Resulta sintomático, por otro lado, que Castro advirtiera años después a Sadam Husein —con la intención de persuadirlo para que sacara sus tropas de Kuwait— del poderío militar que Washington desataría contra su régimen. Para hacer más gráfica la advertencia preparó a una delegación que se reunió en Bagdad con su colega, como en crónica elocuente narra Alcibíades Hidalgo. No se le ocurrió antes similar análisis en torno a sus compatriotas en Granada, a quienes situaría en circunstancia inmensamente más comprometida que la de Husein.

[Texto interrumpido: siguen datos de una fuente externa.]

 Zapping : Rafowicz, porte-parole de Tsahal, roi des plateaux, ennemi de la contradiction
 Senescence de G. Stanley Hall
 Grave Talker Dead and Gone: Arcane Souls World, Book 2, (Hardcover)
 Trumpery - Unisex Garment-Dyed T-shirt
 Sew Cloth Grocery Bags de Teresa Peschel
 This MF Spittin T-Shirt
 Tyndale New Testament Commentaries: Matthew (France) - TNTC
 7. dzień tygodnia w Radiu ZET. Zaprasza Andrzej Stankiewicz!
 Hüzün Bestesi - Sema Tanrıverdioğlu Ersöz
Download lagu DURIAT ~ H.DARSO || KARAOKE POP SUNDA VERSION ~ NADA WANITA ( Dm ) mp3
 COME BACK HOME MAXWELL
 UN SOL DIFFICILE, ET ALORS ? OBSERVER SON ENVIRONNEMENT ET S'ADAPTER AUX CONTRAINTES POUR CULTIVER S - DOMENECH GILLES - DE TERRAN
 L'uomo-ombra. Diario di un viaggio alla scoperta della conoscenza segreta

Pero Castro no soporta que lo desobedezcan, y mucho menos de manera pública, en Cuba. El error por no viabilizar la salida inmediata ante la amenaza que significaba la invasión para los constructores, que era la masa fundamental de cubanos en Granada en octubre de 1983 —algo que él mismo reiterara infatigablemente en esos días—, había que subvertirlo, echar las culpas sobre otro, pues, ante todo, había cadáveres de por medio y él no podía ser, de ningún modo, el gestor de esas muertes.

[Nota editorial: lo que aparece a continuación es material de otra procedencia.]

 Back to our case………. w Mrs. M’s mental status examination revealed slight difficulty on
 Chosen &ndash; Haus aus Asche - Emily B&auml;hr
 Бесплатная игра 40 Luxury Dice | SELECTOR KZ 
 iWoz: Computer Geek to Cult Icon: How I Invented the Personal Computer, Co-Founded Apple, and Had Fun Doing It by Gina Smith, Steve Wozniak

Si a Tortoló no se le puso en el paredón de fusilamiento, fue porque ya había sangre derramada en un contexto nacional lacerado sentimentalmente y donde una medida de este tipo evidenciaría las verdaderas intenciones. Se tuvo incluso que decretar un día de duelo nacional. Además, la prensa norteamerican no coincidió ni mucho menos en explicar la invasión como una gran victoria militar, sino como un triunfo político, pues era sobradamente conocido que las fuerzas en la liza eran muy desiguales.

Teniendo en cuenta la actuación de Tortoló, un periodista norteamericano enviado a La Habana en ocasión del regreso de los cubanos, llegó a preguntarle si no esperaba un ascenso a general por intentar una respuesta en condiciones tan desproporcionadas. El periodista estaba perdido en su noble inocencia. Raúl Castro, en un vídeo para militantes del partido único, diría: "Tortoló debió pegarse un tiro".